Il a souligné que l’Espagne s’oppose aux frappes américaines et israéliennes contre Téhéran, qu’il juge contraires au droit international, et a mis en garde contre une escalade aux conséquences dramatiques pour des millions de personnes. Évoquant le précédent de la guerre en Irak, Sánchez a rappelé que l’intervention menée il y a plus de vingt ans, sous prétexte d’éliminer des armes de destruction massive et de garantir la sécurité mondiale, avait en réalité entraîné davantage d’instabilité et d’insécurité.
Ces déclarations interviennent dans un contexte de tensions avec le président américain, Donald Trump, qui a menacé de rompre les relations commerciales avec l’Espagne.
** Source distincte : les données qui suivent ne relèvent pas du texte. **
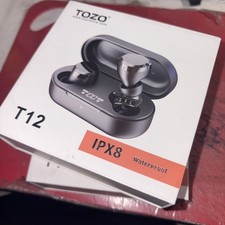  2 SETS TOZO T12 IPX8 Earbuds NEW with Mic  Wireless Chrger. Waterproof.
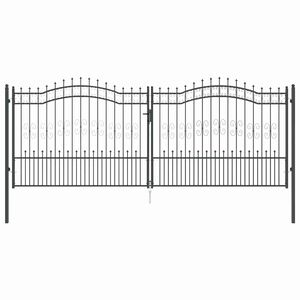 vidaXL Puerta de Cerca con Punta de Lanza Kampen Gris 404 x 150 cm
Dans une allocution télévisée d’une dizaine de minutes, Sánchez a résumé la position de son pays en trois mots : « non à la guerre ».
Il a également précisé que Madrid refusait d’autoriser l’utilisation des bases militaires de Morón et Rota pour des frappes contre l’Iran, ce qui a provoqué la menace d’un embargo commercial total de la part des États-Unis.